A Typo That Took Down the Internet for Four Hours

What Happened

On February 28, 2017, an authorized AWS engineer was debugging a billing system issue in the S3 service in us-east-1 (Northern Virginia). Using an established playbook, they executed a command to remove a small number of servers. One of the inputs was entered incorrectly. A much larger set of servers was removed than intended, taking out significant capacity from two critical S3 subsystems: the index subsystem (which manages metadata for all S3 objects) and the placement subsystem (which allocates new storage).

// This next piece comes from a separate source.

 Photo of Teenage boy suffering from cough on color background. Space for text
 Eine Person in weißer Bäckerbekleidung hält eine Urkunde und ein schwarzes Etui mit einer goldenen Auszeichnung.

Both subsystems were forced into a full restart. The problem: S3 had grown massively over the years, and these subsystems had not been completely restarted in the larger regions for a very long time. The restart and integrity checks took far longer than anyone expected.

Impact

A large portion of the internet went down for approximately four hours. S3 in us-east-1 underpins an enormous number of services. Affected companies included Slack, Trello, Coursera, Docker, GitHub, Twitch, and dozens more. The AWS Service Health Dashboard itself couldn’t be updated because it depended on S3, forcing AWS to communicate via Twitter for the first two hours. EC2 couldn’t launch new instances. Lambda stopped working. EBS volumes that needed S3 snapshots were unavailable.

Root Cause

A human error (mistyped command) with no input validation or blast radius protection in the operational tooling. The command that removed servers had no safeguard preventing removal below minimum required capacity. The extended recovery time was caused by the sheer scale of the restart: systems that have never been fully restarted accumulate hidden restart risk, and the actual restart time was unknown until it happened.

Lessons

AWS modified the capacity removal tool to work more slowly and added safeguards preventing removal below minimum levels. They audited other operational tools for similar gaps and reprioritized partitioning the index subsystem into smaller “cells” to reduce blast radius. The Service Health Dashboard was migrated to run across multiple regions. The deeper lesson: any system that has never been restarted in years has an unknown restart time. You won’t know how long it takes until you actually need it, and that’s the worst time to find out.